Crítica publicada em Notas Musicais a 16 fev. 2024.
Os concertos da pré-temporada da OSESP ocorreram de 8 a 10 de fevereiro de 2024. 

A Sala São Paulo começou os seus trabalhos de 2024 em grande estilo, com um concerto de pré-temporada em que figurou a célebre Carmina Burana, do compositor alemão Carl Orff, apresentada para plateias transbordantes, beneficiadas pelos preços populares da entrada (iniciativa fundamental para a democratização do acesso). 
A obra é invariavelmente precedida pelo ressaibo crítico, em grande medida justificável, já que foi escrita em pleno Terceiro Reich (1936), que arrastaria a Alemanha à 2ª Grande Guerra e protagonizaria o holocausto judaico, um dos maiores genocídios da história da humanidade. 
Na análise que fez da apresentação da obra ocorrida no Theatro Municipal de São Paulo em dezembro passado, Fabiana Crepaldi apontou o esforço da obra de caminhar a contrapelo daquilo que os nazistas consideravam arte “degenerada”, motivo pelo qual ela teria ganhado a aprovação do governo.

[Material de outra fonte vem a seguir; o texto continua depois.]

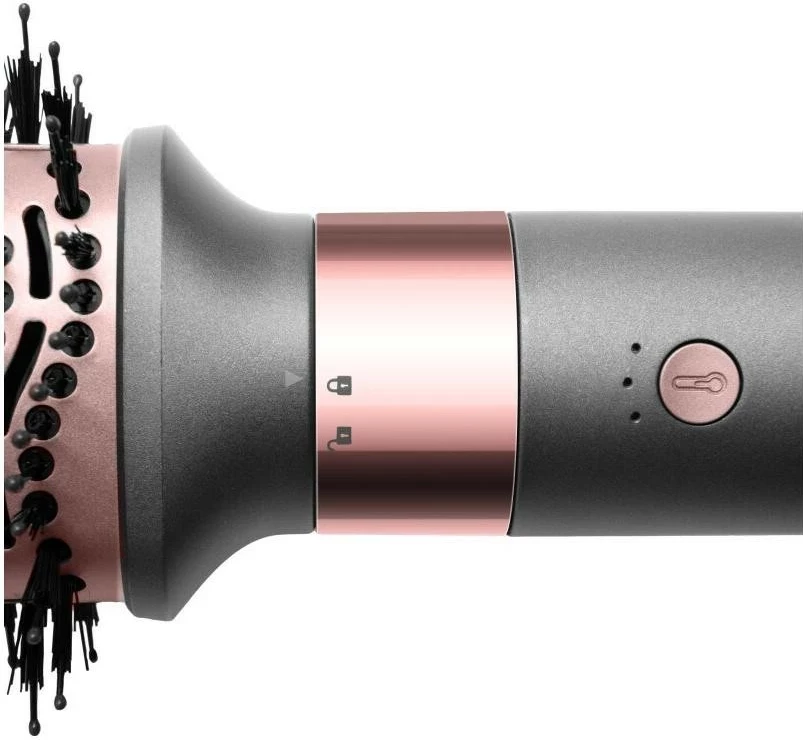 Tharëse flokësh ETA Fenite Exclusive 32390000, 1400W, gri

Já no programa da Sala São Paulo, Márcio Seligmann-Silva, professor de literatura da Unicamp e crítico literário especialista em estudos do trauma – sobretudo concernente a este momento histórico –, sublinha a monotonia musical e temática presente na obra (repetição de poucas notas e frases, presença destacada da percussão, ausência de contraponto, presença de figuras míticas medievais) como denotativa de um programa estético voltado à distração. Ao transmitir símbolos de heroicidade numa linguagem musical acessível às massas, a obra de Orff acabaria por dialogar com o ideário político encabeçado por Adolph Hitler. 
Nas décadas seguintes à guerra, Carmina Burana imprime-se indelevelmente no imaginário ocidental, apresentada – especialmente O Fortuna, Imperatrix Mundi, canção que abre e fecha a cantata – num sem número de produções, de filmes a comerciais de televisão. Passados quase 100 anos e alterado o contexto histórico, o maravilhamento que a peça ainda causa – e causou extensivamente no público presente na Sala São Paulo – comprova que os sentidos da obra artística ultrapassam o seu contexto histórico. Polissêmica, a arte verdadeira incorpora sentidos à medida que percorre tempos, espaços, e perscruta os indivíduos. 
Carmina Burana traduz-se por “Canções de Beuern”, e faz alusão a um conjunto de cerca de 250 textos e poemas encontrados num convento situado no município de Benediktbeuern, na Baviera, escritos entre os séculos XI e XIII. São textos escritos, sobretudo, em latim medieval, no entanto também em francês antigo, provençal e em latim macarrônico (que misturava o latim ao alemão e ao francês), acenando para a formação e o desenvolvimento das línguas nacionais, que neste período estavam se elevando a idiomas de cultura. 
No plano temático, há na obra a retomada de figuras míticas do medievo como, por exemplo, a “Branca Flor”, que a tradição – e Richard Wagner neste roldão – depois associaria à personagem de Isolda. A obra de Orff, portanto, faz uma recuperação histórica importante, e o fato de acenar às massas tanto quanto à alta cultura não é motivo de demérito, senão da sagacidade do compositor de perceber a ascensão da cultura de massas naquele momento histórico. 
Embora a arrepiante O Fortuna, Imperatrix Mundi explicite de forma trágica o papel do destino de elevar e destruir reputações ao seu bel prazer, tornando inconstantes a sorte e a felicidade, a obra Carmina Burana é composta por canções de amor e por poemas em grande medida cômicos e eróticos, que procuram flagrar a dimensão cíclica da vida e a primavera (e os seus apelos sensuais) vencendo os rigores do inverno. 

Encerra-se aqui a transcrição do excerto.